Devidamente acondicionado, longe das intempéries da vida, poderei até durar alguns séculos, quem sabe.
“Odeio ser eu!”
Essa afirmação me invade de modo freqüente há sei lá quantos anos. Quando menos espero:
“eu Odeio ser EU”
E mais uma vez começo a pensar nas fantasias tolas que me ocupam. E mais uma vez
“Odeio ser EU”
Porque me sinto imóvel enquanto o tempo arranca meus pedaços na imperfeita renovação do meu corpo: cada célula é uma cópia mal feita que se reproduz cada vez mais deformada até morte.
Por isso “eu odeio ser eu” A cada instante que me dou conta de que EU observo mundo através de meus olhos estragados pelo cerotocone que dia a dia se torna mais acentuado... Uma pirâmide na topografia de cada olho. Será que ficarei cego?
E me odeio cada vez mais enquanto escrevo estas eternas repetições. Tenho uma mente ruminante, vejam só! Uma prisão. Ramster de óculos correndo na roda... roda das lembranças de erros e frustrações que giram, giram, giram sempre iguais e distantes enquanto as persigo...
Só resta me odiar mesmo... preso de costas para vida observando as sombras, sombras, eu estou nas sombras... pretensamente inocente, a espera da luz redentora. E eu odeio ser EU porque tudo que sei dizer é que estou de mãos atadas, e mais nada. “oh! minhas mãos estão presas enquanto rolo descida abaixo. Realmente uma condição triste. Estou de mãos atadas enquanto a queda infinita da morte se aproxima. Sim, não conseguirei soltar as mãos para me agarrar à qualquer coisa. Mas sou consciente do meu presente e o que me espera.” Me agarro a isto, a esta ilusão, mas e daí? De que me serve a ilusão de consciência se estou rolando rumo à queda infinita?
“eu Odeio ser EU”
Por que há qualquer coisa que enterra meus pés no medo. O Vôo assim torna-se impossível.
“eu Odeio ser EU”
porque minhas chaves não abrem tranca alguma, muito menos aquelas que me mantém preso à COISA que está dentro de mim e que não me deixa viver. [Julia, esse Sol é mesmo de matar]
“eu Odeio ser EU”
Porque todo tempo lembro das minhas impossibilidades: as que nasceram comigo, as que me empurraram e as que reconstruo dia a dia...
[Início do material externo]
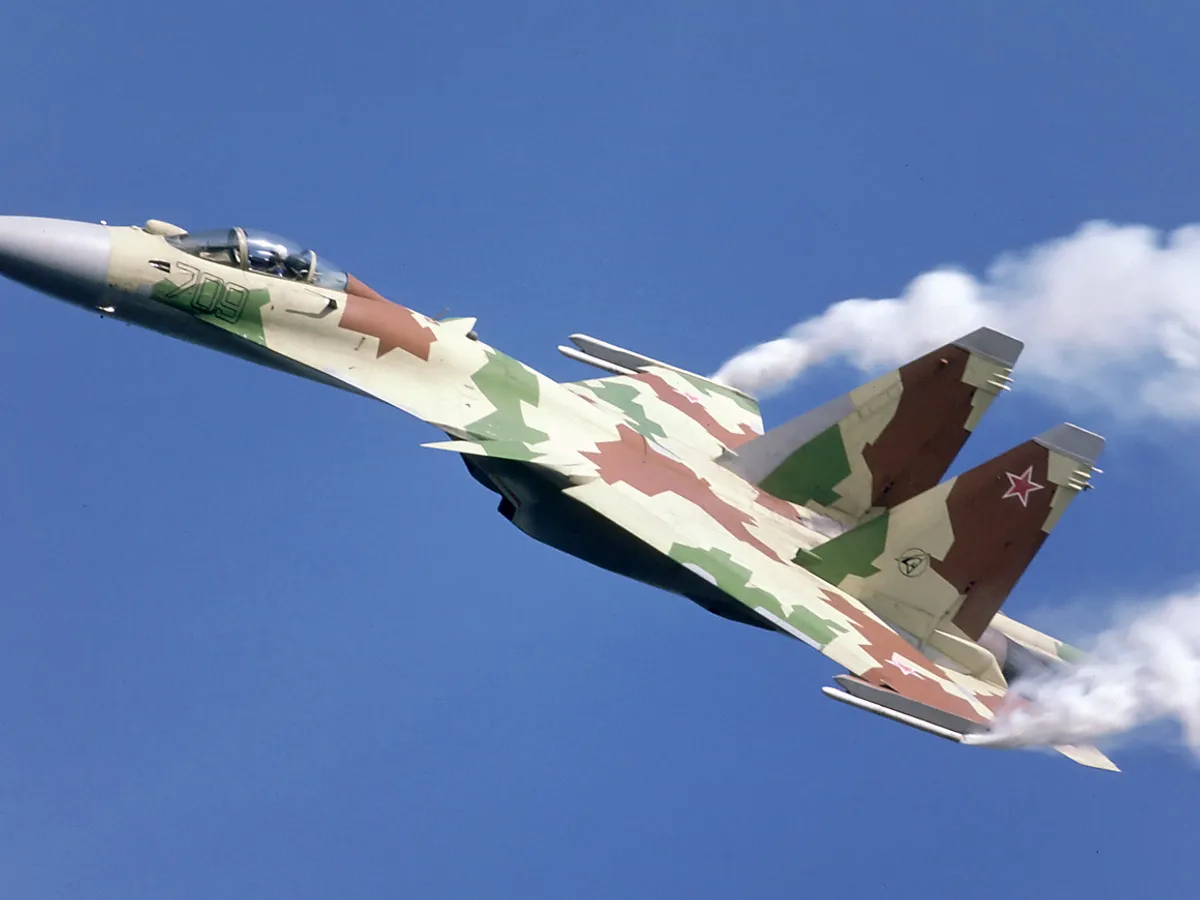 Rusia trimite avioane de luptă Su-35S în Belarus/foto: belsat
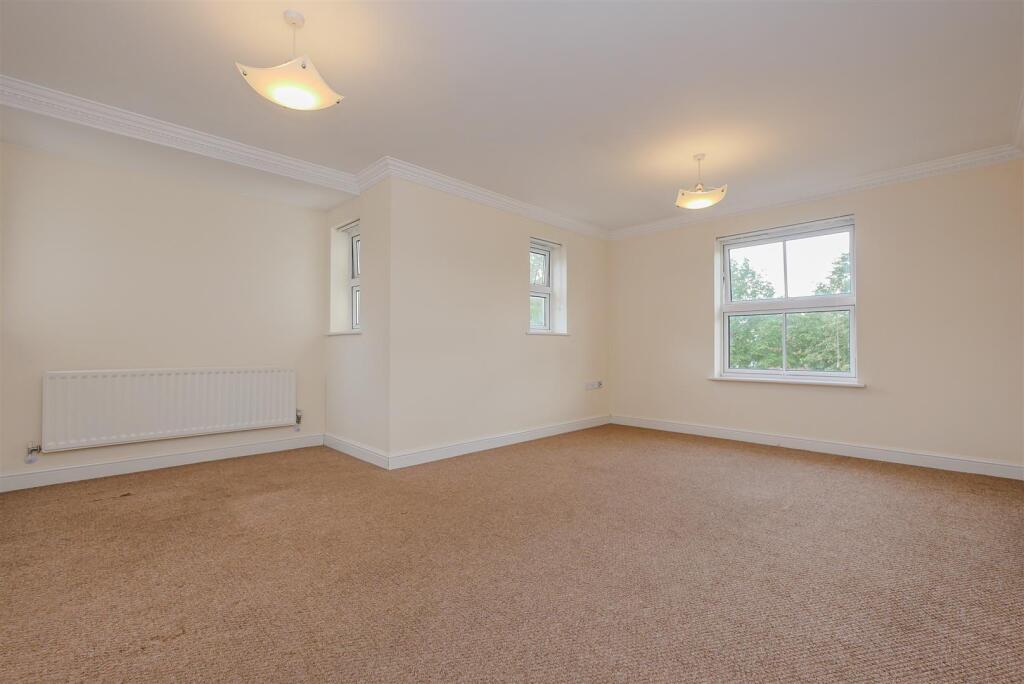 Apartment in South Oxfordshire, Wallingford - View 2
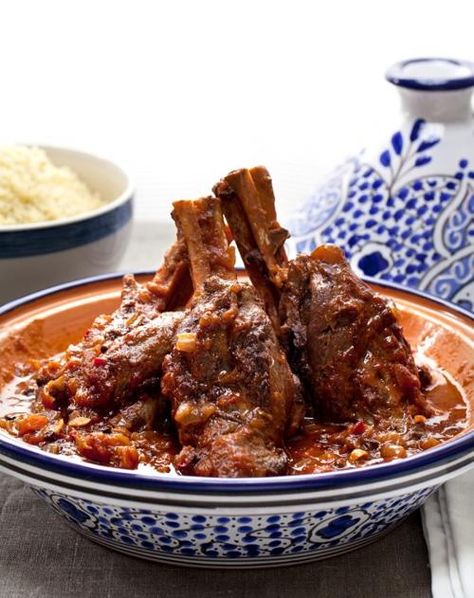 Iraqi Dishes, Moroccan Feast, Moroccan Lamb Shanks, Braised Lamb Shanks Recipe, Moroccan Tajine, Tajin Recipes, Lamb Shank Recipe, Christmas Roast, Braised Lamb Shanks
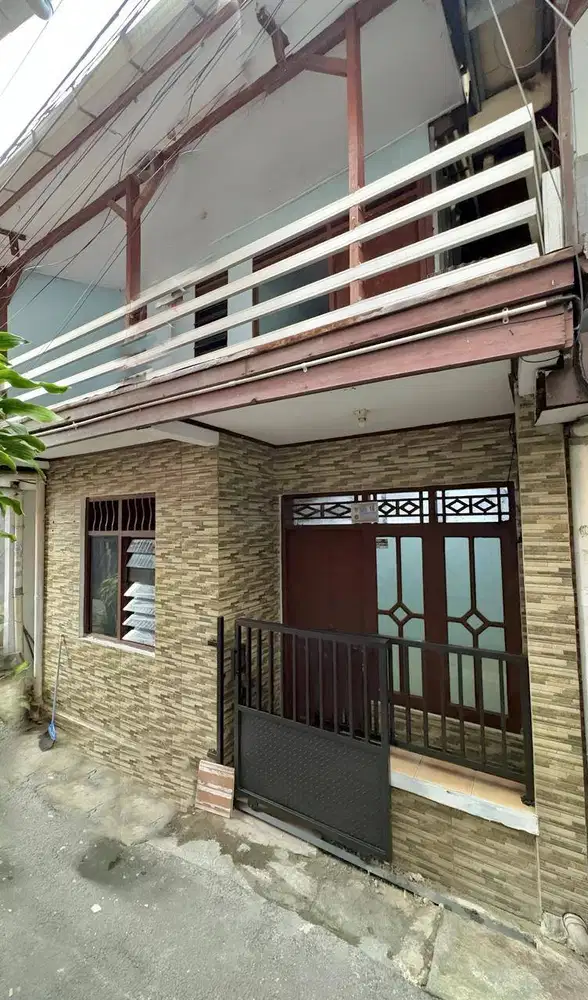 DIKONTRAKAN TAHUNAN BUKIT DURI, TEBET, JAKARTA SELATAN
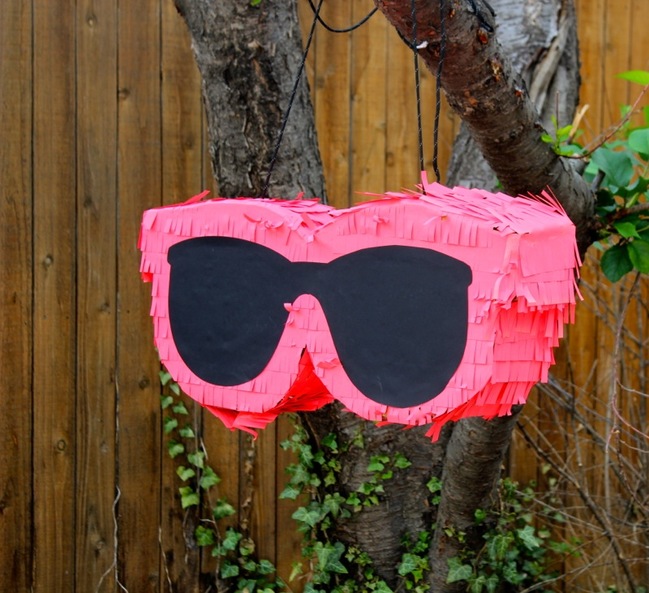 DIY Paper PiƱata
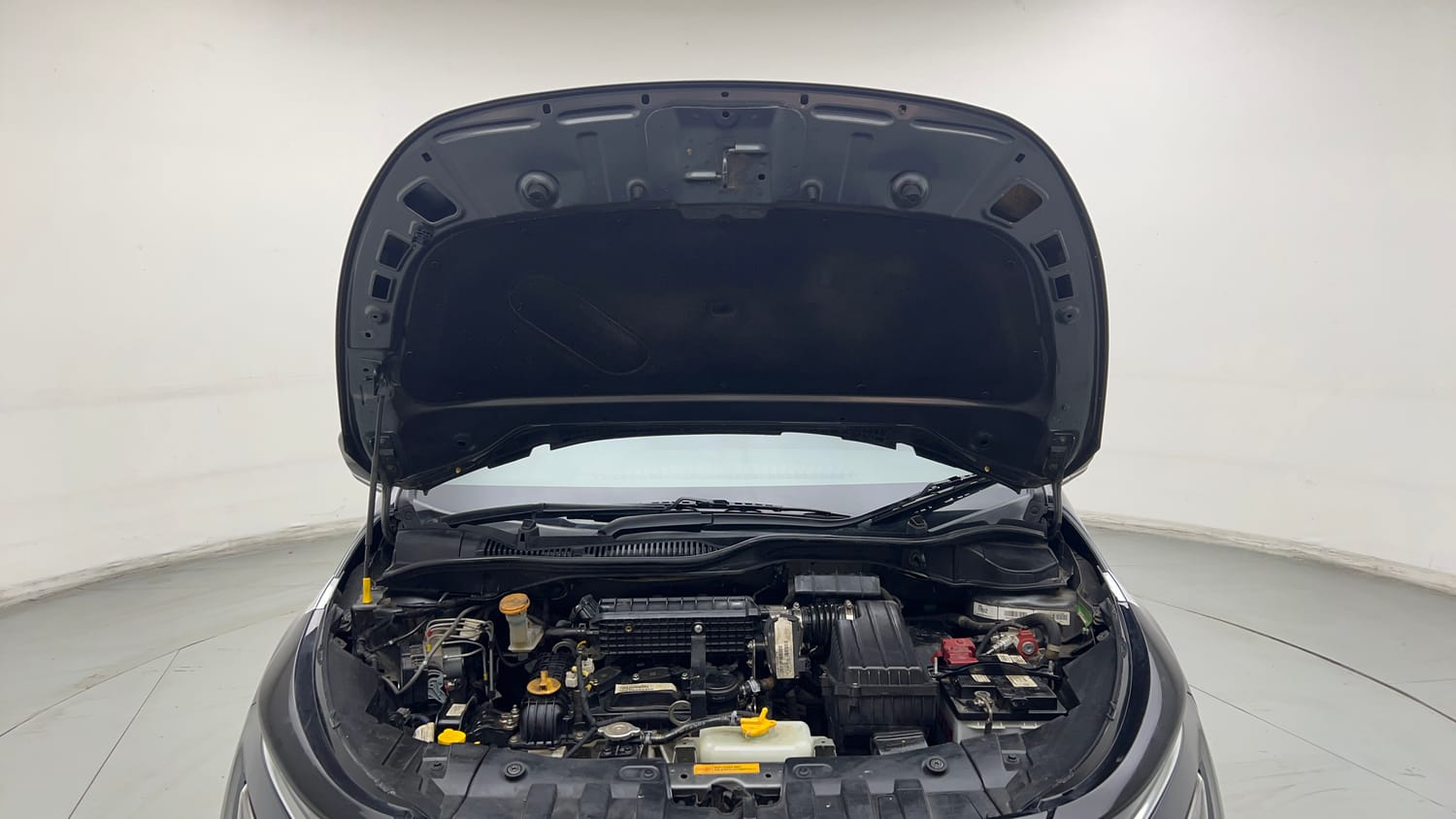 Used 2024 Tata Altroz XZ iCNG Cng Manual engine ENGINE & BONNET OPEN FRONT VIEW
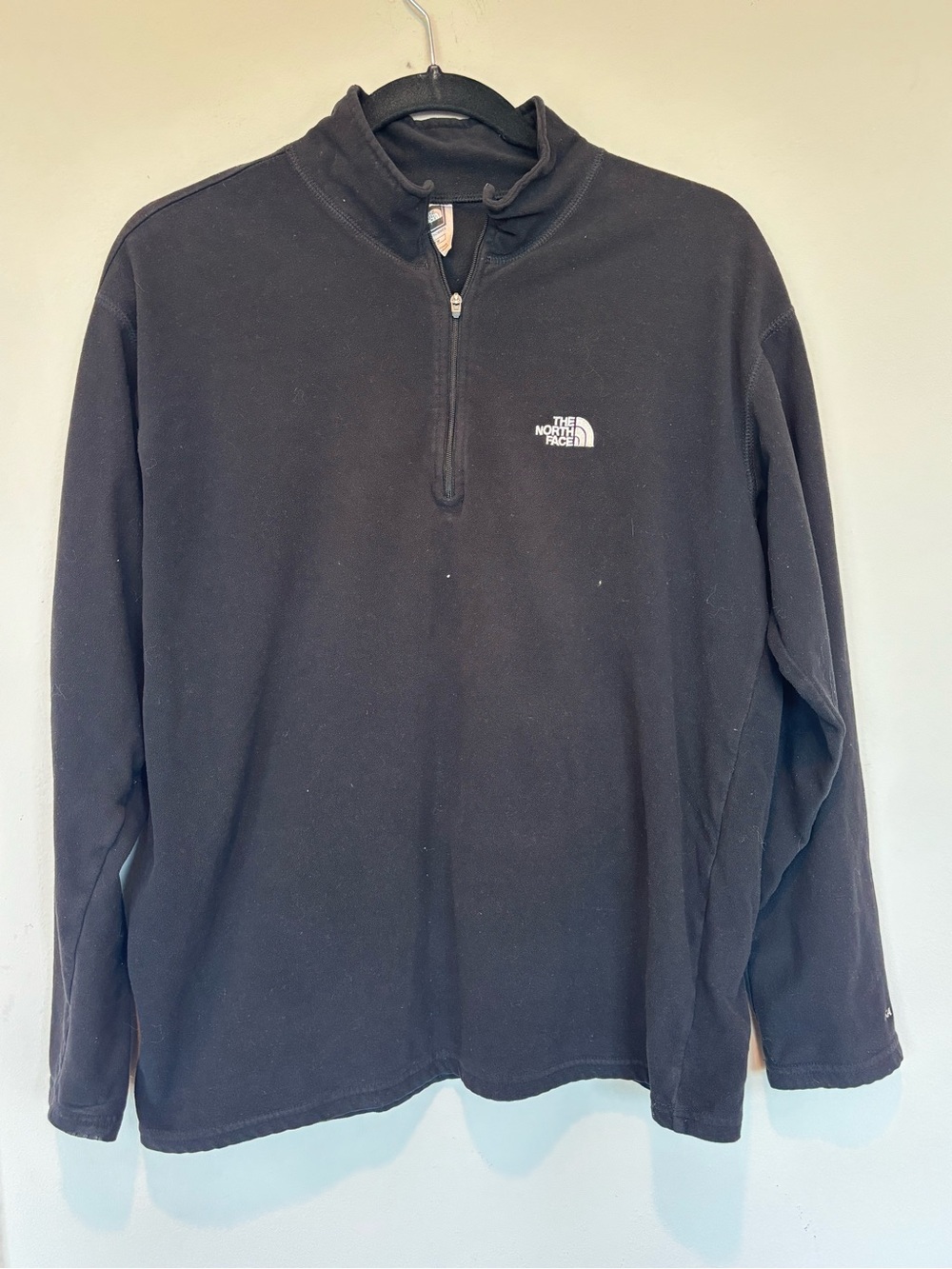 The North Face Men's Black Quarter-Zip Fleece Pullover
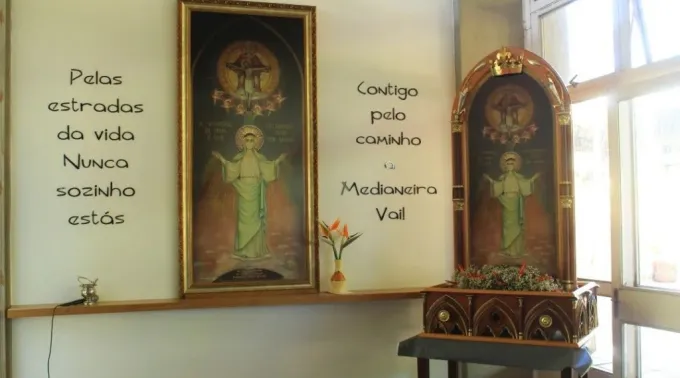 Espaço de espiritualidade/ Nossa Senhora Medianeira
...a música que não sei cantar, meu violoncelo imaginário, o talento que sonhei ter para o desenho... Queria saber desenhar o rosto dELA de todas as maneiras em todas as suas formas, as que já teve e nunca teve, para cobrir todas as paredes do meu quarto e as páginas dos meus cadernos. vÊ-LA surgir das minhas mãos a cada sonho.
...o vôo pelo salão em passos daçados...
...os lugares onde desejava estar, as situações que desejei viver um dia, os sentimentos que sonhei sentir.
... a força que gostaria de ter e que por isto invejo nos outros. Força para simplesmente não estar mais aqui nãofazendo as coisas de sempre.
... a vontade de um dia começar a contar para todos com paixão as coisas que fiz e vivi, no lugar de contar, como faço agora, contar como nãofiz...
Por isto que eu Odeio ser EU... porque nãovivo
“eu Odeio ser EU”
porque repito para mim que eu odeio ser eu, assim como uma dízima periódica daquelas que repetem uma seqüência finita... É assim meu discurso: repetido. Sem graça. Sem aquela coisa mágica de quem escreve bem... assim, cheio de mea-culpa vazia e inútil.